*** Opening Data for the task ***

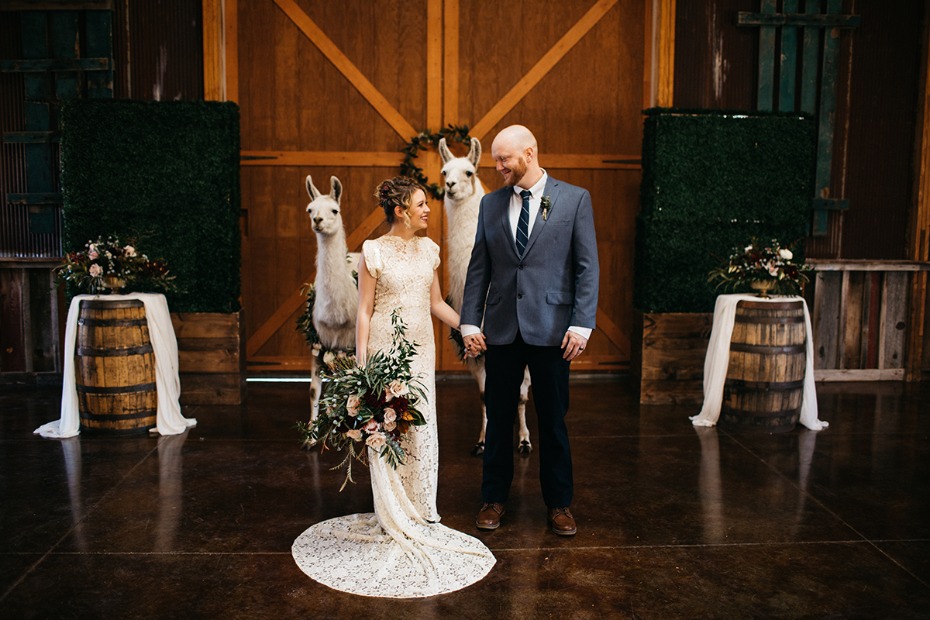 sweet bride and groom wedding day with llama witnesses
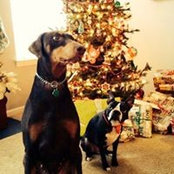 Paula McGrath's photo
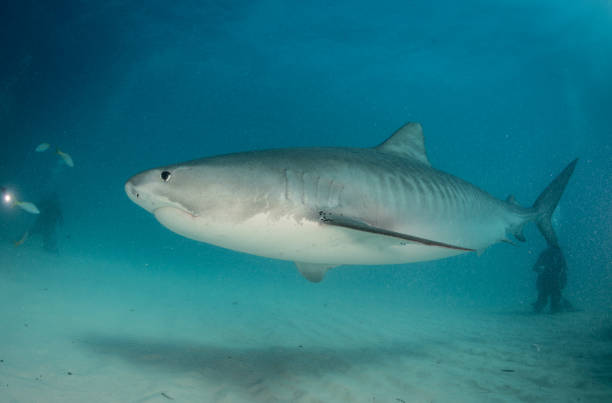 istock Tiger Sharks at Tiger Beach, Bahamas 1194356462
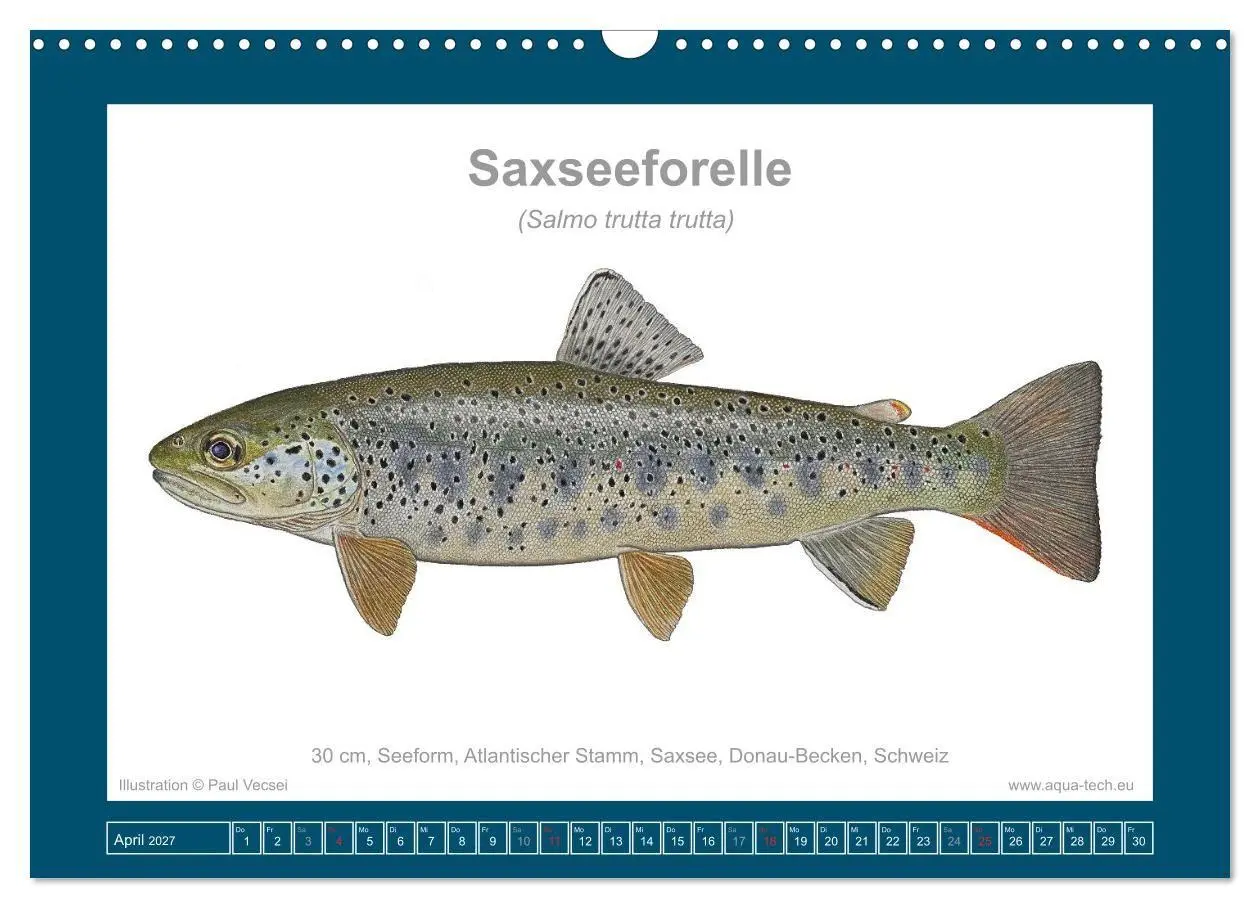 Bild: 9783516754162 | Fisch als Kunst 2027: Seeforellen (Wandkalender 2027 DIN A3 quer),...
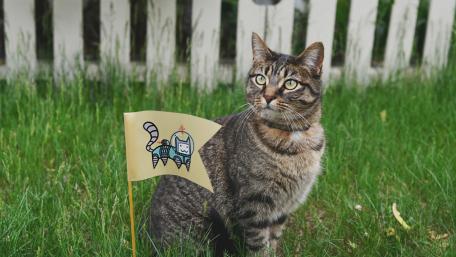 Whimsical Cat in a Playful Scene wallpaper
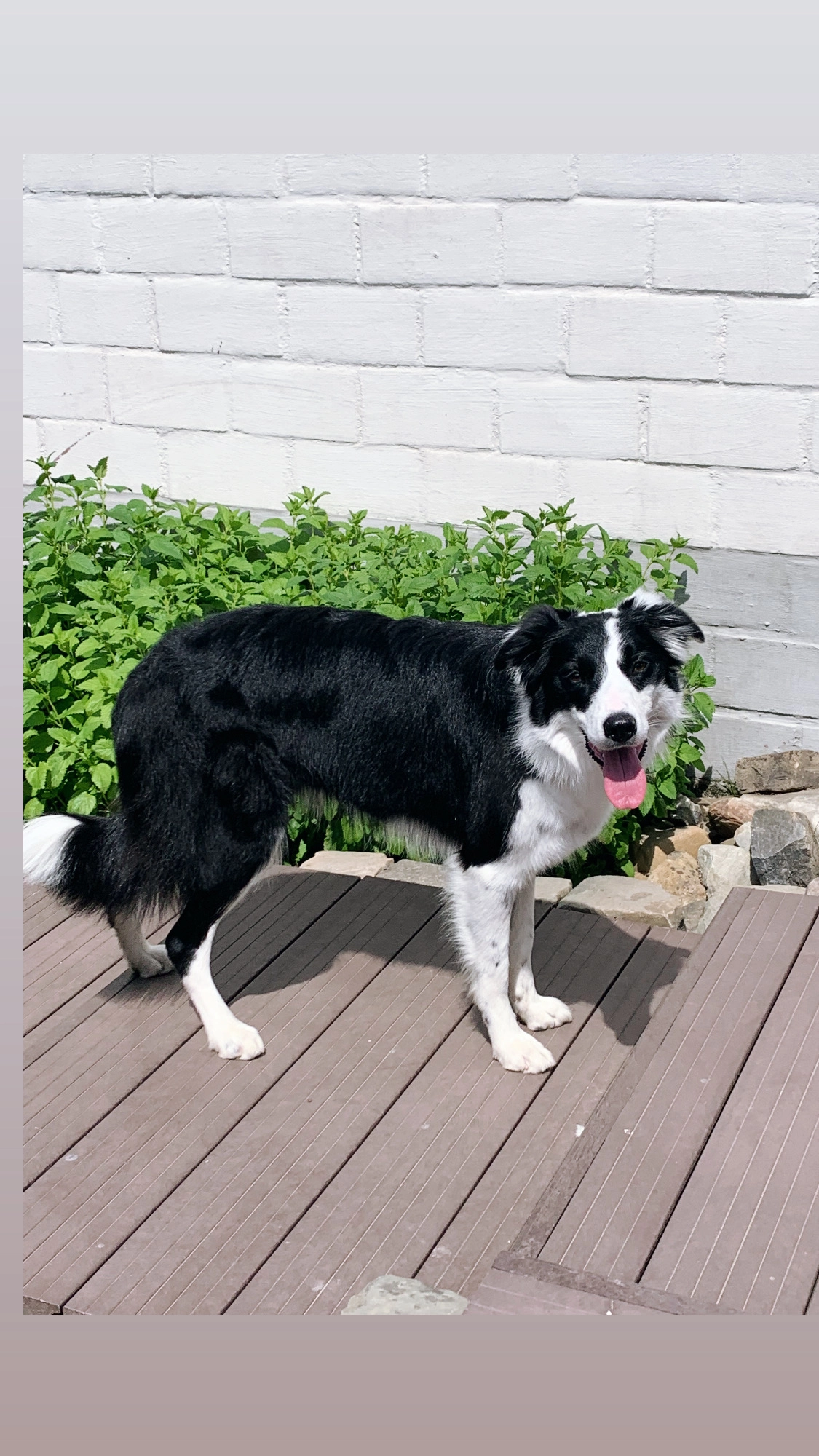 Zappa - Dennenbosstraat, Herk-de-Stad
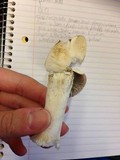 Russula variata image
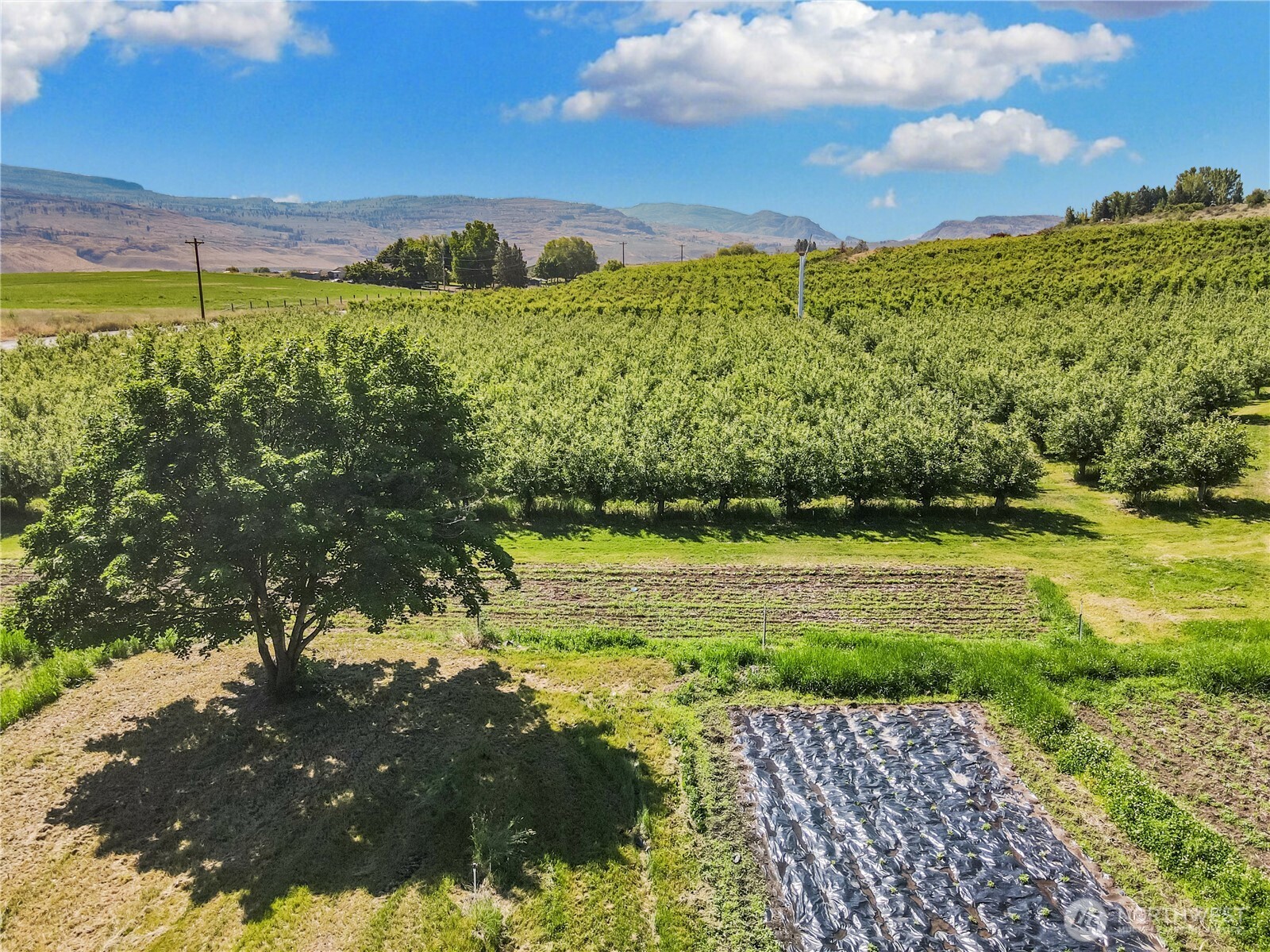 223 Old Riverside Highway Omak, WA 98841 - Photo 6 of 25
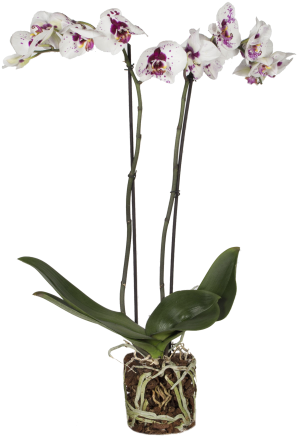 Orchid Picasso - Pablo Picasso (576x576), Png Download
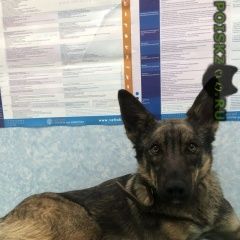 Подробнее об объявлении «Мытищи Найдена собака нашли собаку, в районе деревни жостово» Фото: найдена собака  «Мытищи Найдена собака нашли собаку, в районе...» в г. Мытищи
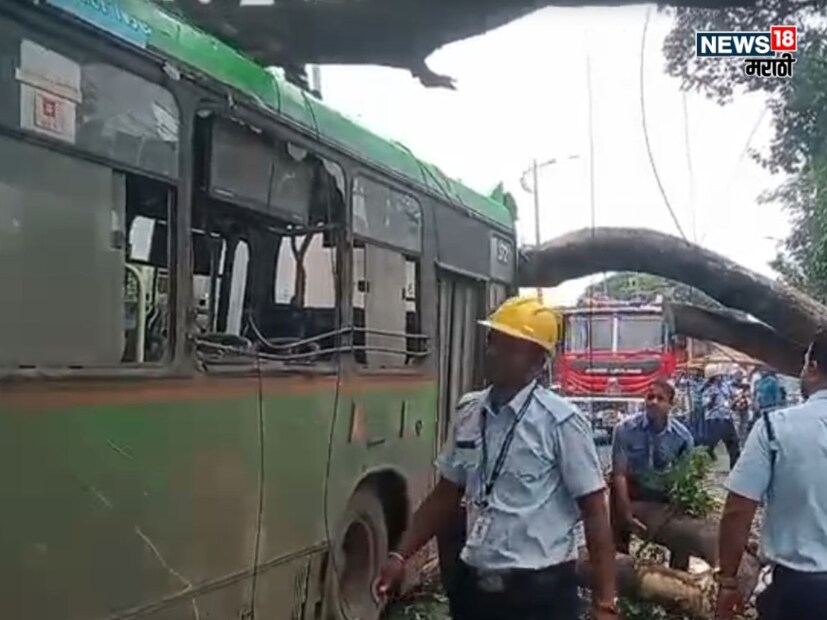 सकाळी 10 वाजण्याच्या सुमारास पिंपरी-चिंचवडमध्ये एक धक्कादायक घटना घडली, जिथे निगडीच्या दिशेने निघालेल्या पीएमपीएल बसवर अचानक एक भलेमोठे झाड कोसळले. सकाळी 10 वाजण्याच्या सुमारास पिंपरी-चिंचवडमध्ये एक धक्कादायक घटना घडली, जिथे निगडीच्या दिशेने निघालेल्या पीएमपीएल बसवर अचानक एक भलेमोठे झाड कोसळले.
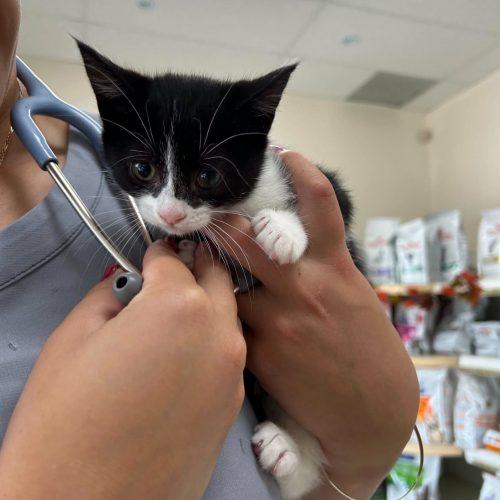 Enlarge AGGIE, a Adoptable Domestic Short Hair in Toronto, ON image 2/6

*** Closing Data for the task ***

= Your instructions =
From the line holding "Orchid Picasso - Pablo" through the last line of the material above, each line should be written out exactly, both included; omit the pictures.

= Result =
 Orchid Picasso - Pablo Picasso (576x576), Png Download
 Подробнее об объявлении «Мытищи Найдена собака нашли собаку, в районе деревни жостово» Фото: найдена собака  «Мытищи Найдена собака нашли собаку, в районе...» в г. Мытищи
 सकाळी 10 वाजण्याच्या सुमारास पिंपरी-चिंचवडमध्ये एक धक्कादायक घटना घडली, जिथे निगडीच्या दिशेने निघालेल्या पीएमपीएल बसवर अचानक एक भलेमोठे झाड कोसळले. सकाळी 10 वाजण्याच्या सुमारास पिंपरी-चिंचवडमध्ये एक धक्कादायक घटना घडली, जिथे निगडीच्या दिशेने निघालेल्या पीएमपीएल बसवर अचानक एक भलेमोठे झाड कोसळले.
 Enlarge AGGIE, a Adoptable Domestic Short Hair in Toronto, ON image 2/6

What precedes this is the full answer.